For innovation to succeed you have to get personal.
That’s the viewpoint of Gary Evans, longtime professor of entrepreneurship at Harvey Mudd College. It’s been his mission for over 30 years to get like-minded people in the same room to talk. Employing a variety of strategies, Evans strategically connects and inspires innovative students and alumni.

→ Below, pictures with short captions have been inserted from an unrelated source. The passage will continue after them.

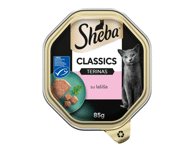 Konservuotas kačių ėdalas SHEBA su lašišomis, 85 g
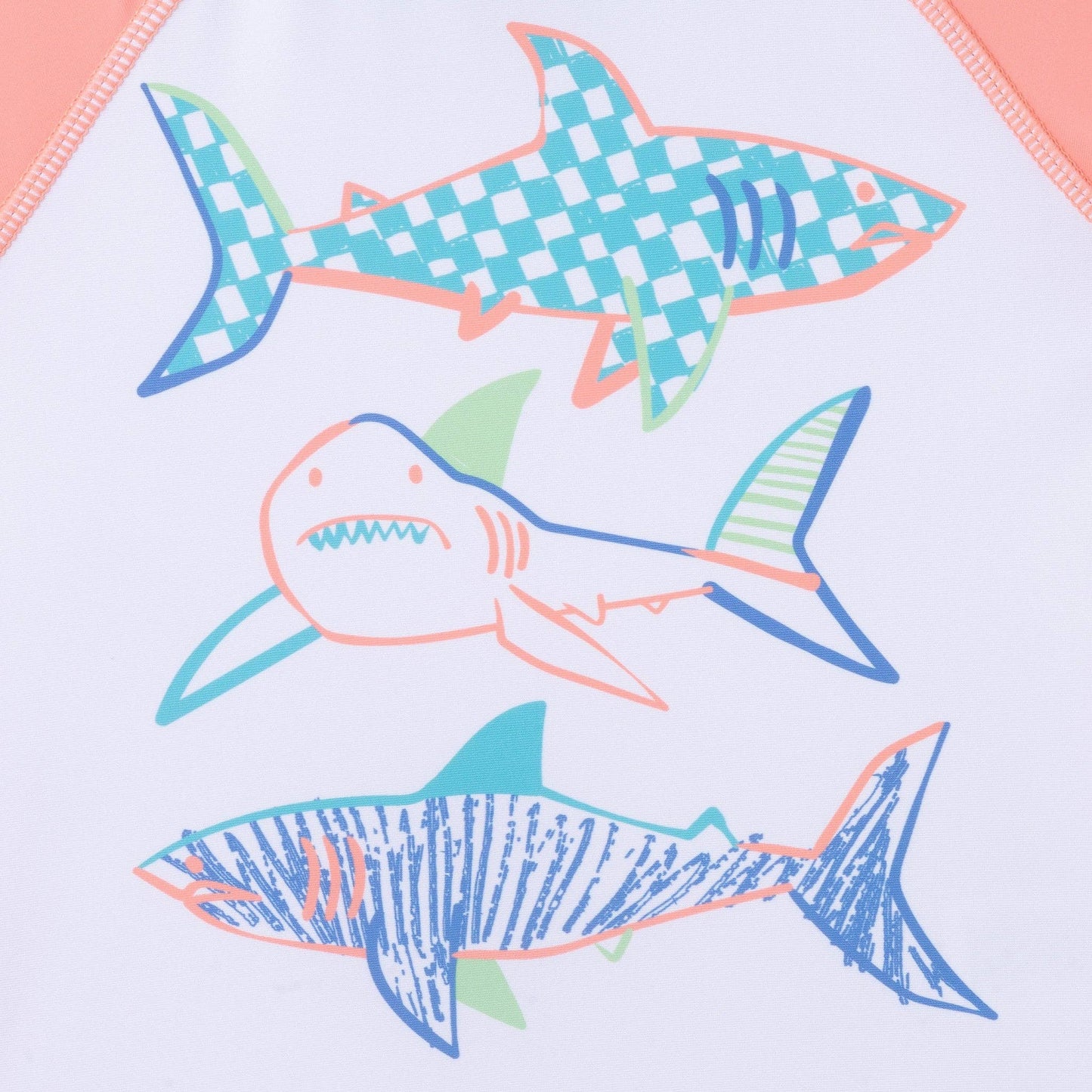 Andy & Evan - Boys Short Sleeve Rashguard Set | Shark Sketches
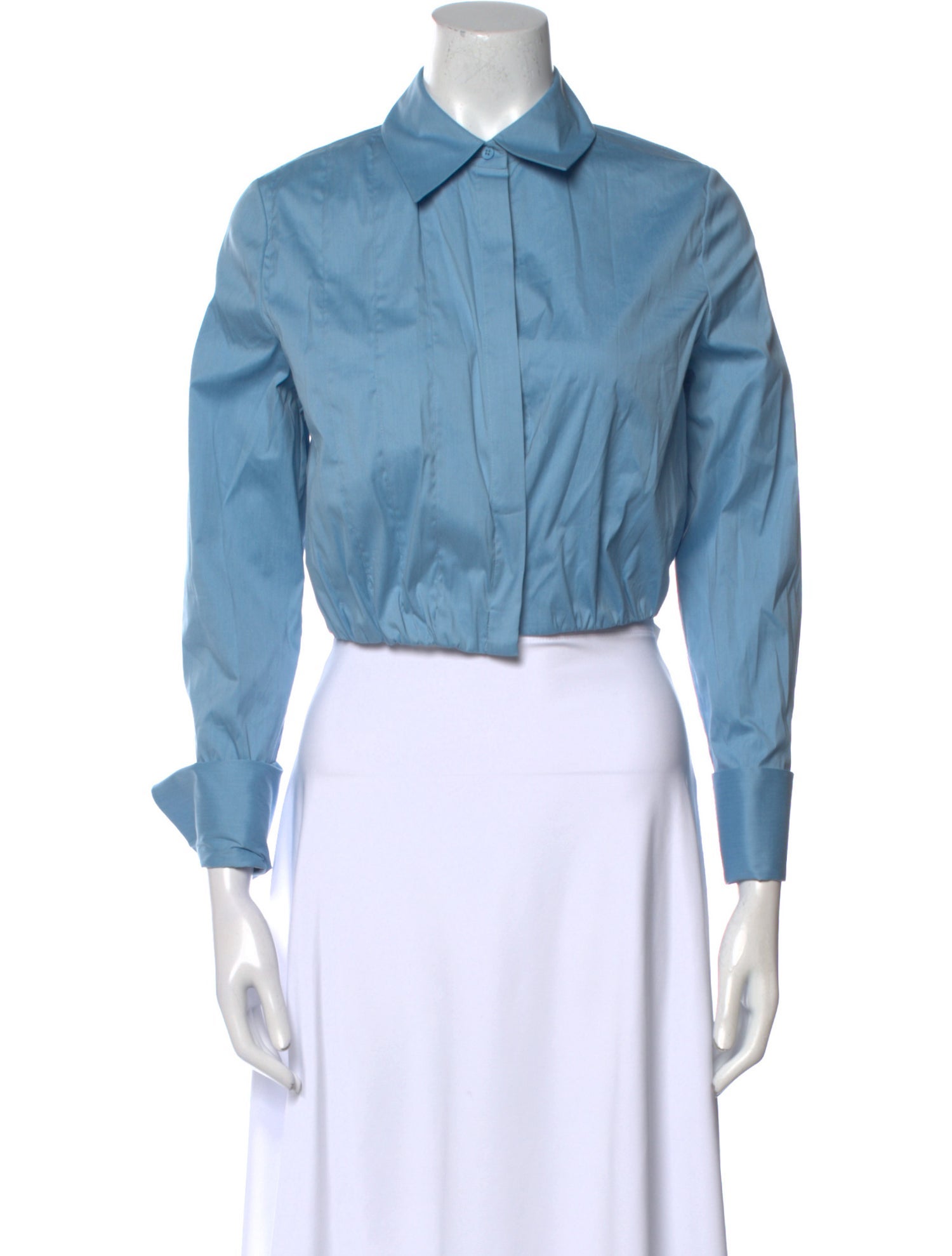 Alice + Olivia Long Sleeve Crop Top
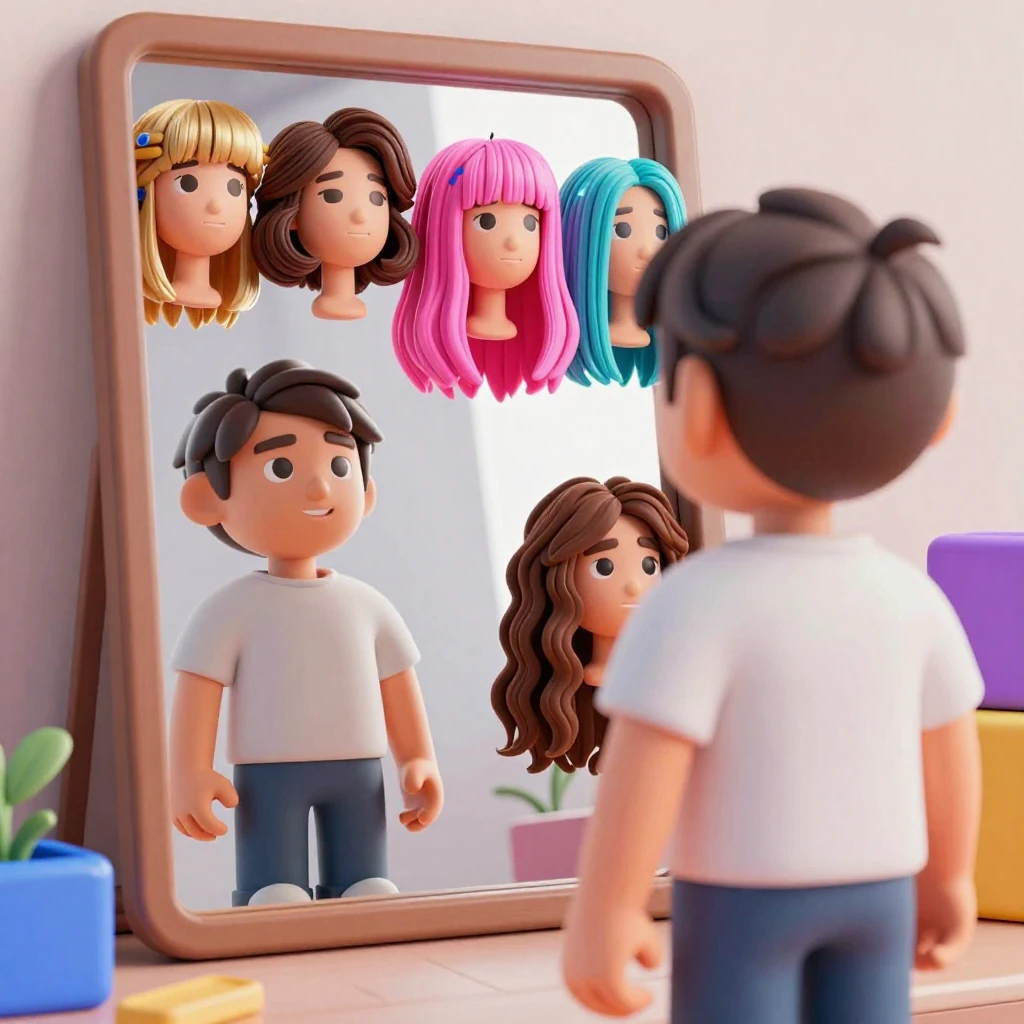 Как совместить волосы в Roblox на ПК: создание уникального стиля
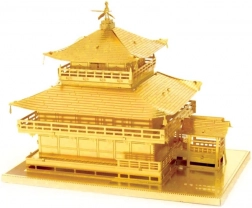 Metal 3D-puslespil Kinkaku-ji-templet Guld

Connecting Via the Network
One of his longest-running tactics is the Entrepreneurial Network, begun in 2001 and supported by a loyal cadre of alumni and friends. Its first meetings were held in Berkeley, Santa Clara, La Jolla and San Francisco and included Joe Costello ’74, electronic design automation pioneer (his companies include think3 and Electronic Speech Systems) and Dan Meacham ’95, analog subsystem designer (founder of innoCOMM and Staccato Communications). In addition to social time and a meal, network meetings include presentations from those seeking startup advice. Since the introduction of these presentations within the last few years, attendance has increased. A recent Entrepreneurial Network meeting in Santa Monica—featuring venture fund investors, established alumni entrepreneurs (Xplicit Computing and Voodoo Manufacturing) and HMC students—was “the most successful meeting we’ve ever had,” says Evans, who holds the Ruth and Harvey Berry Professorship in Entrepreneurial Leadership.
These gatherings are important for Harvey Mudd, which does not have a massive alumni base like Harvard or USC, says Evans. The relationships that emerge from these meetings can provide encouragement, deliver a reality check and launch startups. “That’s the strength of the network,” he says.
Shortly after graduating from Harvey Mudd, Vanessa Ronan ’15 (computer science), creator of the app, Decorator, met her co-founder, Stephen Yu ’07, at a Menlo Park meeting. She describes her experiences with the Entrepreneurial Network as “incredibly helpful.”
“It was my first opportunity to pitch my idea and see how people responded to it,” Ronan says. “It made me put together a more comprehensive overview of the company and figure out how to actually articulate my vision for Decorator.”
Ronan’s app is crowdsourcing for interior design, “like The Sims for real-life homes.” Those needing decorating advice add a picture of their room, and others redesign the room by changing wall colors, adding furniture and more. The free app is proving popular: Ronan says their interior design-loving audience is growing, and more people are asking for and giving advice in the app due to improvements that she and her three colleagues are deploying.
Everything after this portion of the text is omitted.